Au lendemain des élections législatives, la parité avance dans l’Hémicycle, et c’est heureux.

Mais l’égalité entre les femmes et les hommes n’avance, on le sait, que si l’on s’y engage sur tous les fronts.

Les affaires de harcèlement sexuel et les échos réguliers de nombreux agissements sexistes avaient enfin conduit les responsables de la précédente législature à avancer sur le sujet. Le Cercle des Collaborateurs et Attachés Parlementaires (CCAP) s’est engagé pour soutenir une meilleure transparence et une meilleure prise en charge des cas de harcèlement sexuel dont peuvent être victimes principalement les collaboratrices de député.e.s, mais aussi les administratrices, hautes-fonctionnaires de l’Assemblée nationale.

Ce que nous constatons au début de cette nouvelle législature nous inquiète. Pendant de nombreux mois, le CCAP s’est battu pour améliorer la visibilité et la simplicité d’accès au dispositif de lutte contre le harcèlement et les agissements sexistes mis en place par l’Assemblée en 2013, à notre initiative.

Or, d’une part, nous constatons que cette visibilité a reflué ces dernières semaines. En l’occurrence, c’est la visibilité de l’espace d’information sur l’Intranet destiné aux collaboratrices.teurs et député.e.s, qui a reflué. Alors même qu’elle sert de première orientation en interne pour les victimes, que ce soit au palais Bourbon ou en circonscription.
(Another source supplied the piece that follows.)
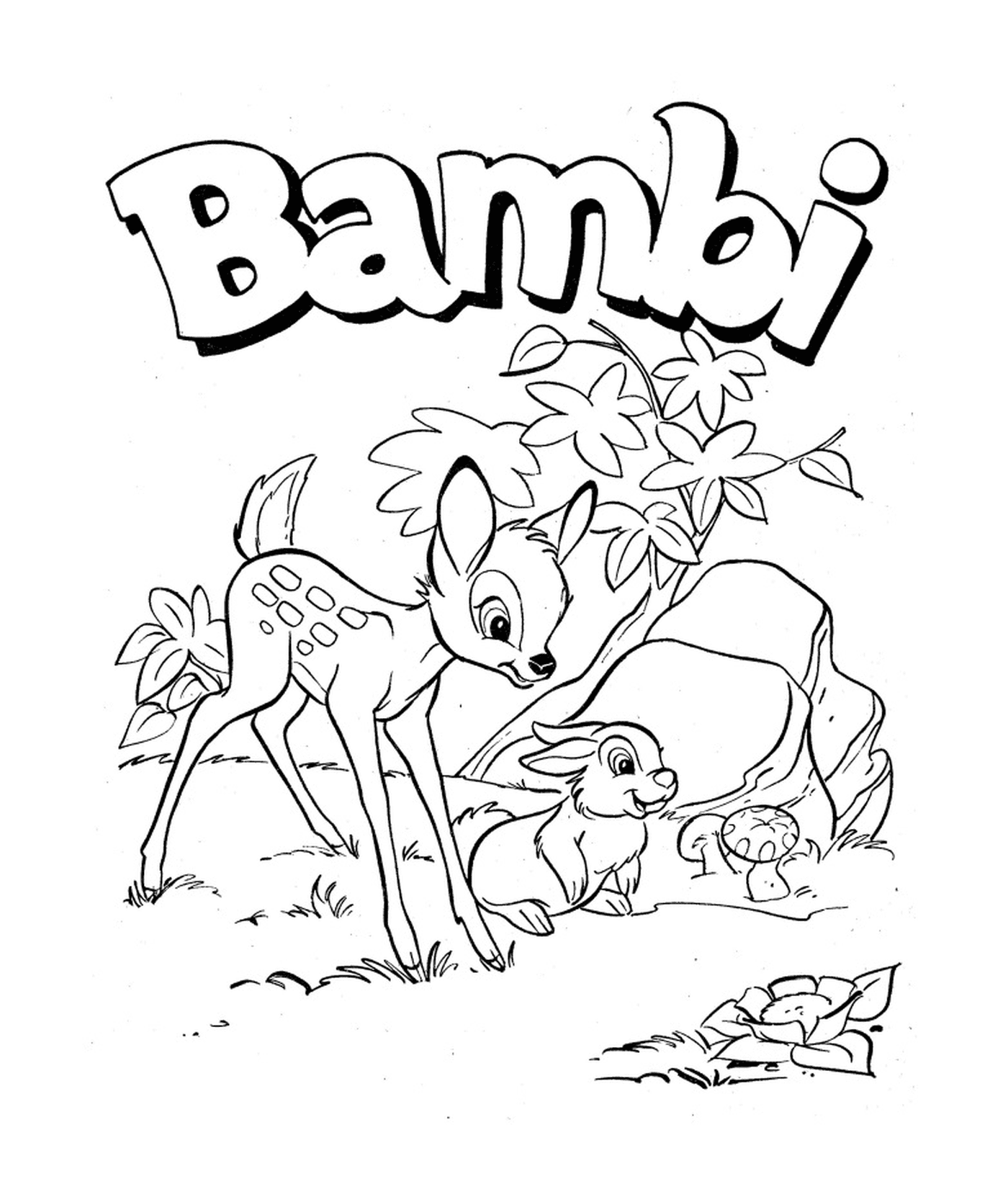   un bambi et un lapin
Nous sommes surpris.e.s d’autre part que beaucoup d’actions déjà validées doivent à nouveau être soumises aux futur.e.s Président.e et Questeur.e.s de l’Assemblée. En adoptant le rapport du Déontologue en novembre 2016, le précédent Bureau de l’Assemblée avait de fait acté un certain nombre de décisions. Affichage de la loi et du dispositif dans les espaces communs et les bureaux des député.e.s, information – formation des collaboratrices et collaborateurs au palais Bourbon comme en circonscription : ce sont, entre autres, des sujets qui ne devraient pas être remis sur le métier, mais déjà transformés en actes. Sans compter les incertitudes sur le devenir du déontologue… Nos inquiétudes sont fondées, et légitimes.

Nous appelons dès maintenant et très solennellement les prochain.e.s responsables de l’Assemblée à agir avec clarté, détermination et rapidité. 

Certes la parité est fondamentale. Bien sûr, le statut des collaborateurs pour lequel nous nous battons et qui a une place dans l’espace médiatique ces jours-ci est indispensable. Mais à l’heure des choix et des symboles qui doivent être posés dès le début de législature, la lutte contre le harcèlement sexuel et les agissements sexistes est un sujet fondamental : ne pas s’en occuper, c’est la faire reculer, et la faire reculer, c’est encourager de nouvelles affaires autant que le sexisme ordinaire. Nous en appelons à l’exemplarité.